■ **The problem**:
Write out the listing from the line with "Men's Long Sleeved" to the line with "PINK VS CHEETAH STORAGE BINS SETS OF 2", both lines included, exactly and nothing beyond. Leave pictures out.

■ **Dataset records**:
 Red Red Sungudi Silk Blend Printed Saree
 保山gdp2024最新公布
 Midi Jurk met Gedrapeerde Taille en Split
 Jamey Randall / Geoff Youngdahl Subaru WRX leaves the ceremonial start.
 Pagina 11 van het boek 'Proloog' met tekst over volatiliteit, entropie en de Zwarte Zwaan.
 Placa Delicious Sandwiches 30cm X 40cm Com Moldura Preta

* * *

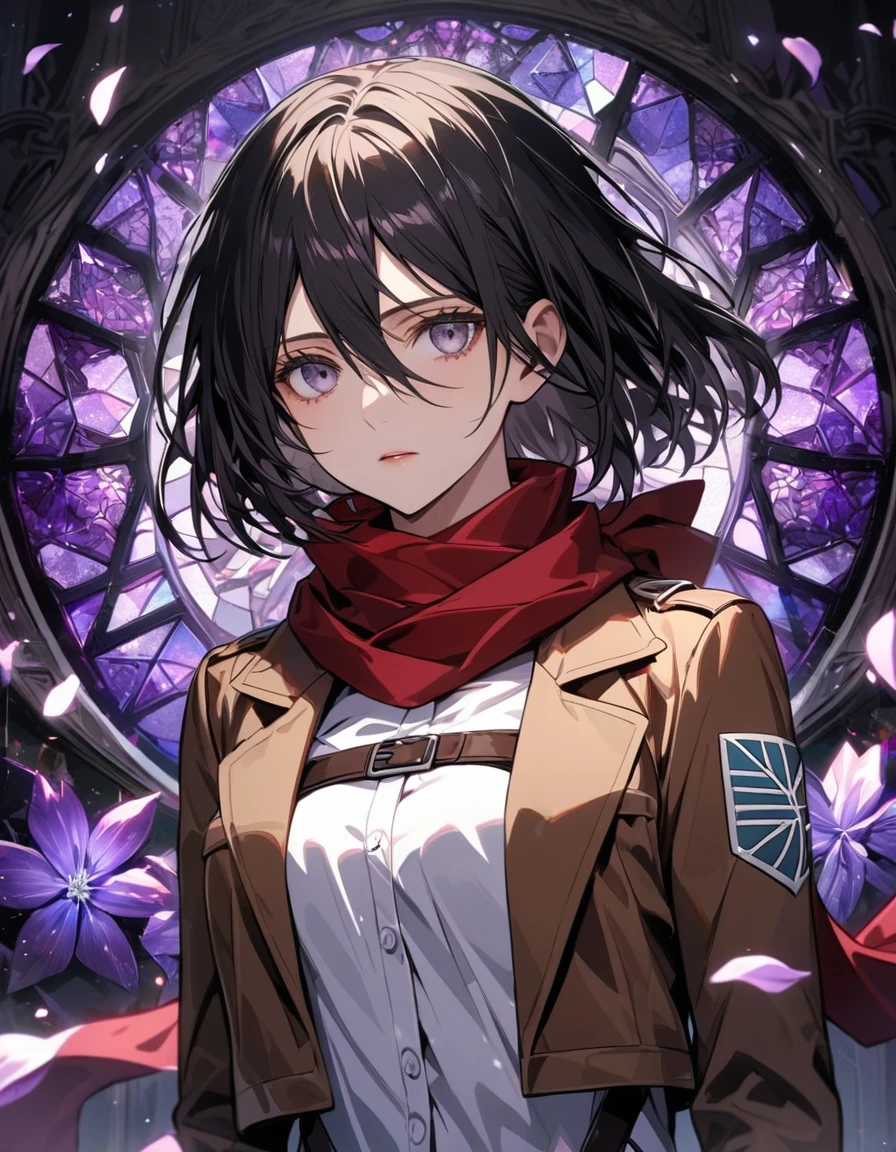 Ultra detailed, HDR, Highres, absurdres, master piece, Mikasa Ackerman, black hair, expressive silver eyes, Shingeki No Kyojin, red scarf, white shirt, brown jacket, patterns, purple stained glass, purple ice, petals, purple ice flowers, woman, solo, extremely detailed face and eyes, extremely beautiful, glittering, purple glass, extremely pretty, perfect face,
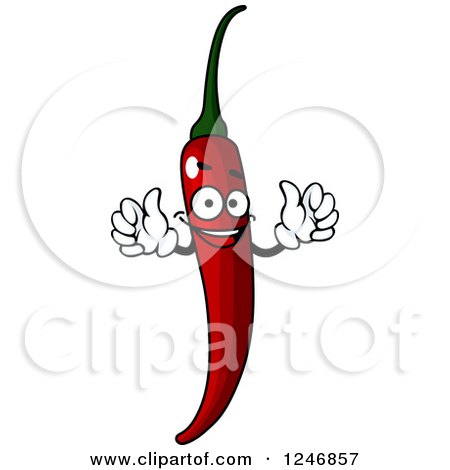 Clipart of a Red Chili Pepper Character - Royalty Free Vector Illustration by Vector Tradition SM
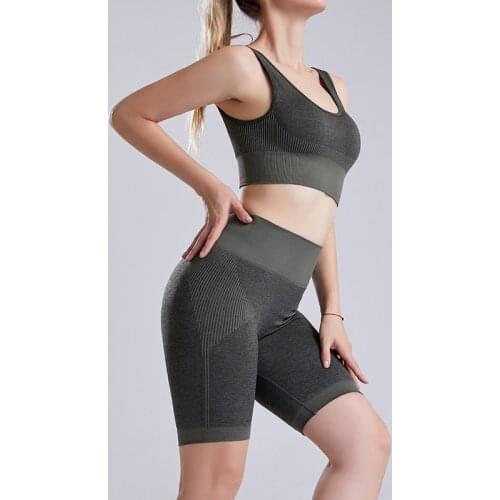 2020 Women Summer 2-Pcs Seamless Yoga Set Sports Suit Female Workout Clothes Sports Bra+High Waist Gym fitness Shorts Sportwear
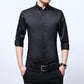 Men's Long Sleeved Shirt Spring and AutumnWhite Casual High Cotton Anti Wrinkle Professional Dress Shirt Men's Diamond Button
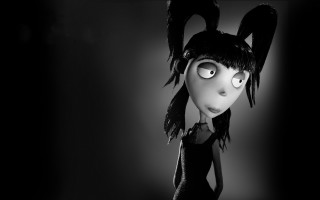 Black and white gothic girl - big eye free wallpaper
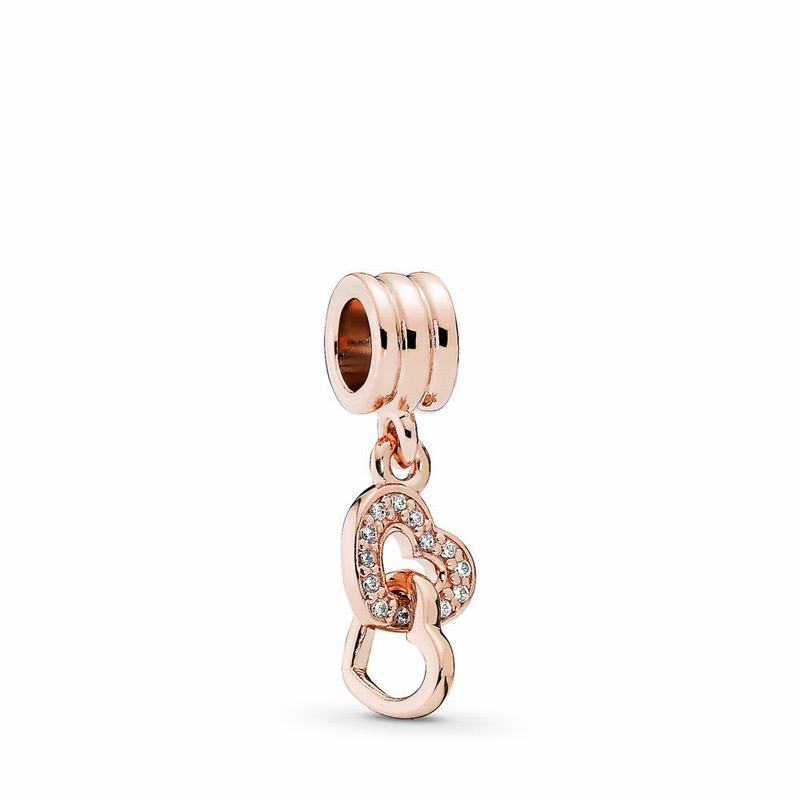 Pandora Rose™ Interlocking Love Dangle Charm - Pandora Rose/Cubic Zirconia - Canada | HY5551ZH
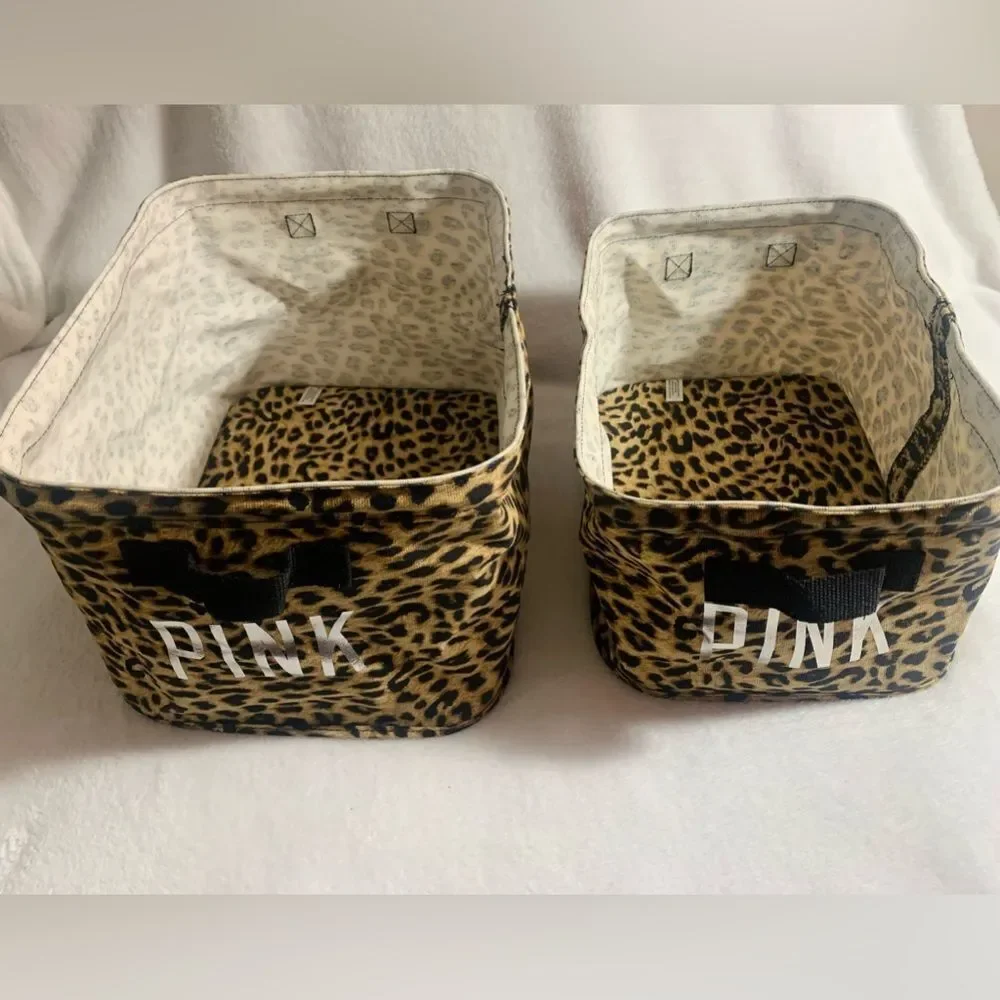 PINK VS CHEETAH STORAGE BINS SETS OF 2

■ **Solution to this exercise**:
 Men's Long Sleeved Shirt Spring and AutumnWhite Casual High Cotton Anti Wrinkle Professional Dress Shirt Men's Diamond Button
 Black and white gothic girl - big eye free wallpaper
 Pandora Rose™ Interlocking Love Dangle Charm - Pandora Rose/Cubic Zirconia - Canada | HY5551ZH
 PINK VS CHEETAH STORAGE BINS SETS OF 2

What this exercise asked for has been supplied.